(Captioned web images)
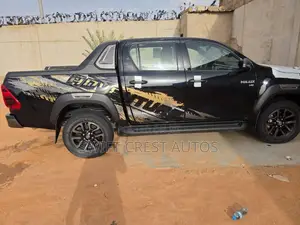New Toyota Hilux 2026 Black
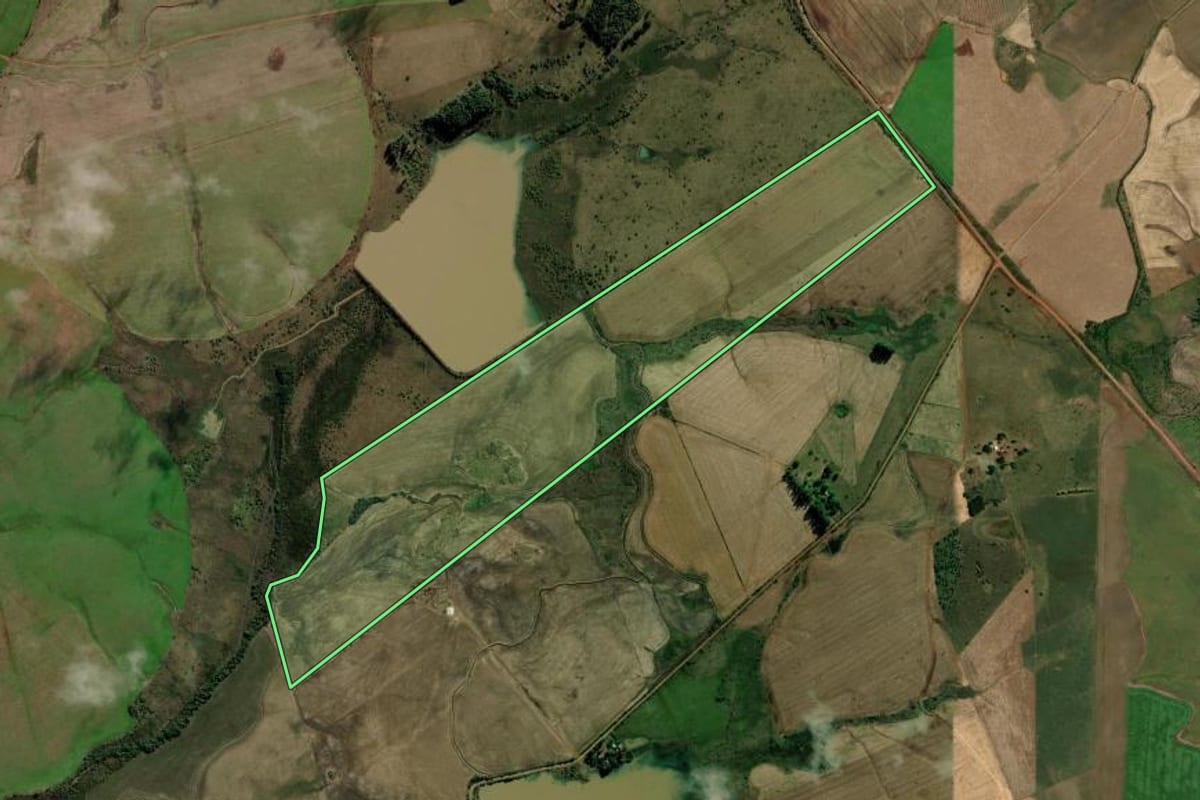 Imagem de satélite do imóvel rural em Alegrete (RS), com o contorno declarado no CAR desenhado por cima.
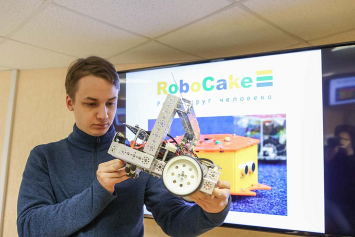 В БГУ начал работу Центр робототехники и искусственного интеллекта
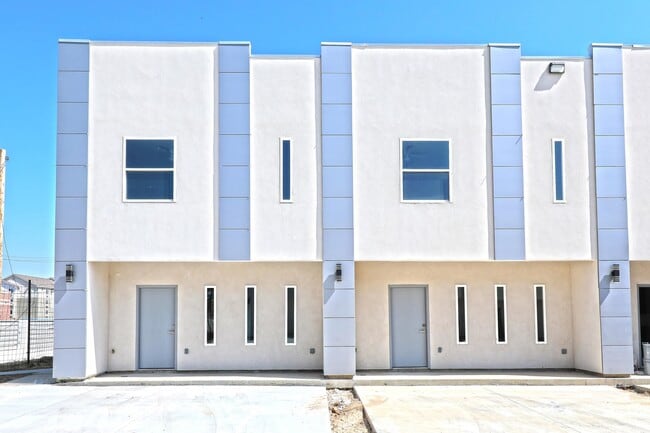 Building Photo - 1011 Emerald Valley Dr Unit 25 D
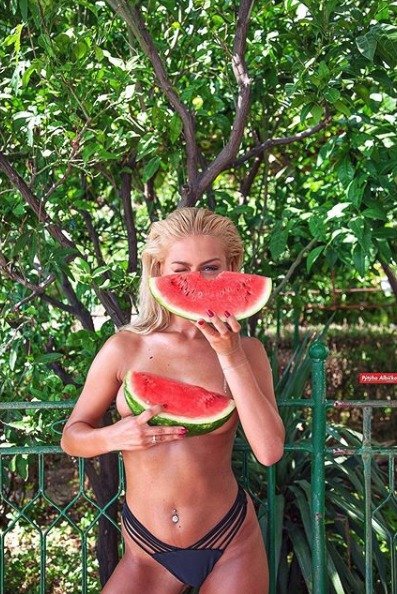O tohle jsi Vojto přišel! Drahokoupilova bývalka Kubíčková se svlékla a ukázala melouny!
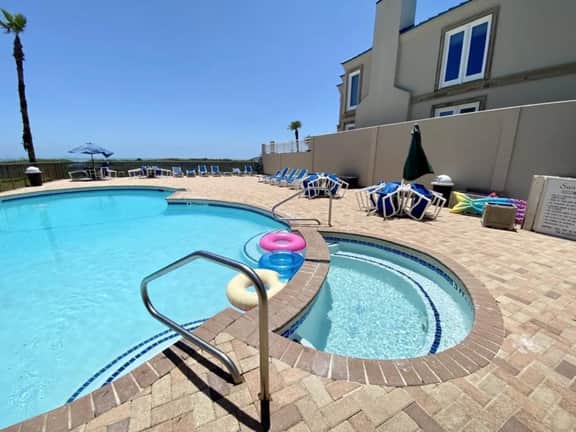 Suntide I 107 - Two Bedroom Beachfront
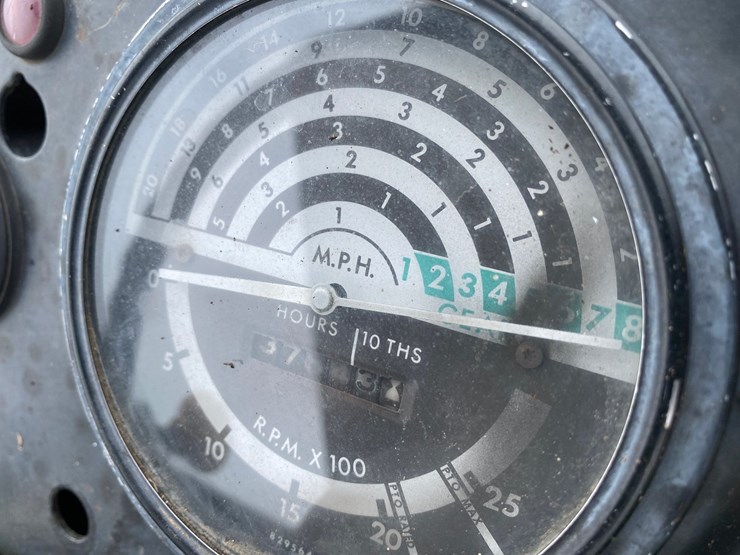 1980-john-deere-2040-image-24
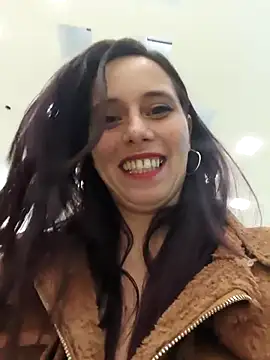 MickNanaa online show from December 17, 8:08 am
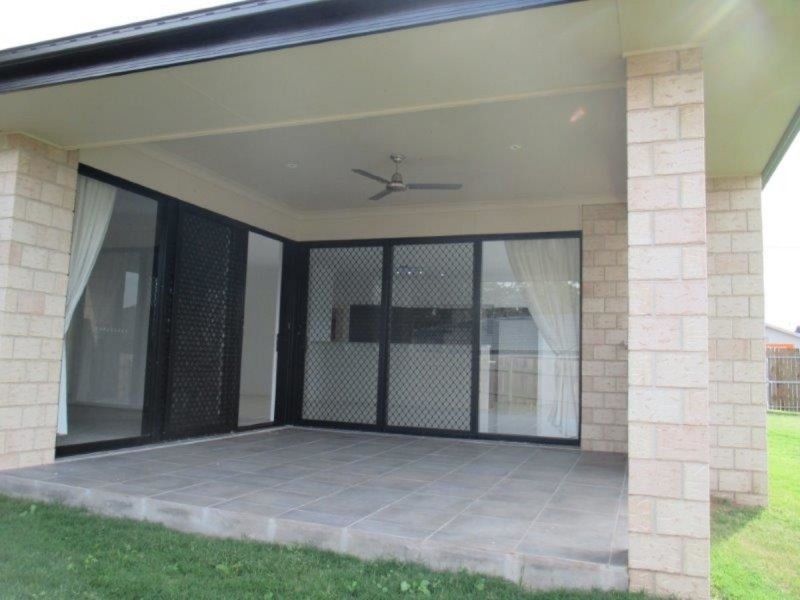 414 Mackenzie Street, Middle Ridge QLD 4350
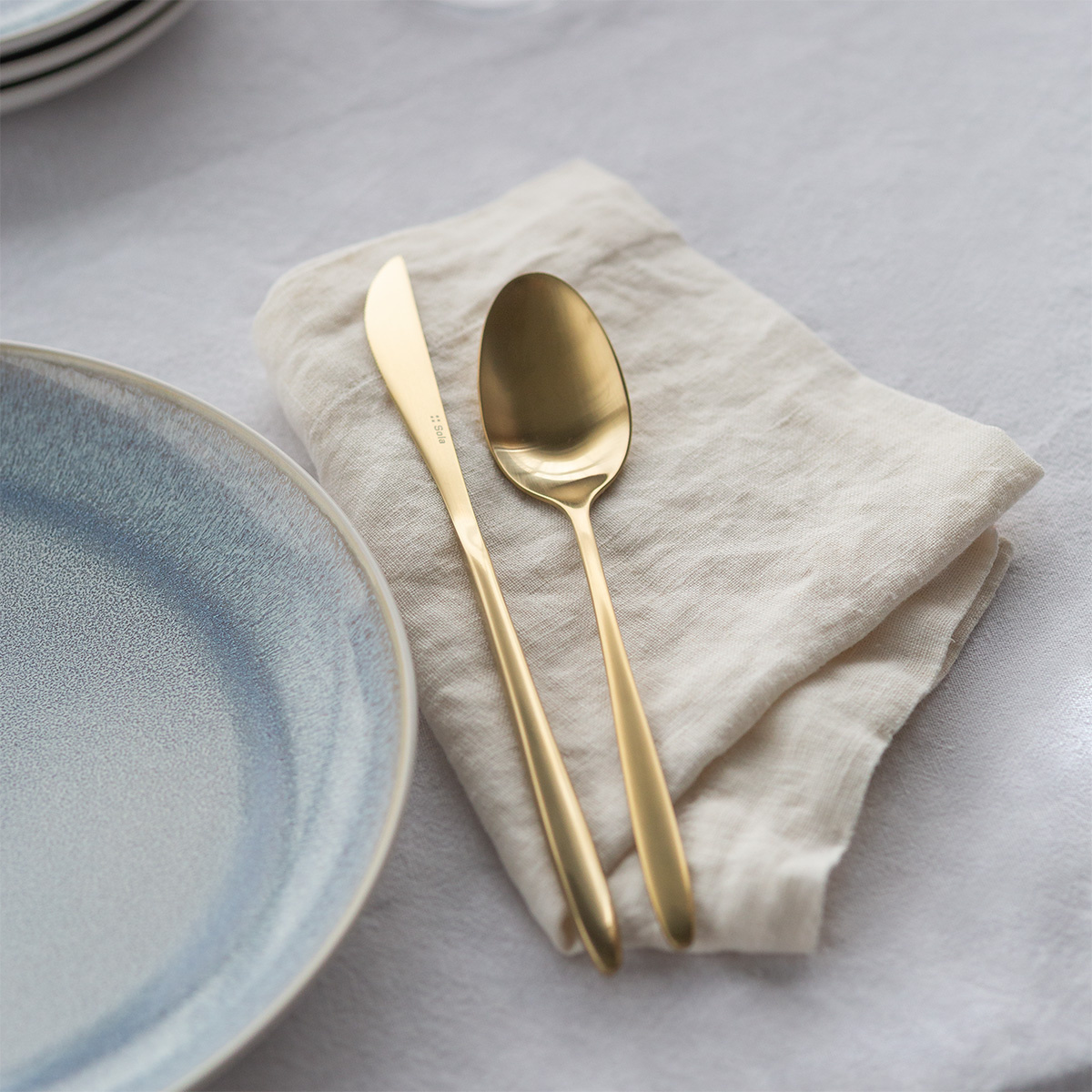 Set jedilnega pribora 16 delni Vivo champagne | Sola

* [Work item] Output the line that contains "O tohle jsi" and every subsequent line through the end of the entries, exactly as given, without pictures.

* [Result of the task]
O tohle jsi Vojto přišel! Drahokoupilova bývalka Kubíčková se svlékla a ukázala melouny!
 Suntide I 107 - Two Bedroom Beachfront
 1980-john-deere-2040-image-24
 MickNanaa online show from December 17, 8:08 am
 414 Mackenzie Street, Middle Ridge QLD 4350
 Set jedilnega pribora 16 delni Vivo champagne | Sola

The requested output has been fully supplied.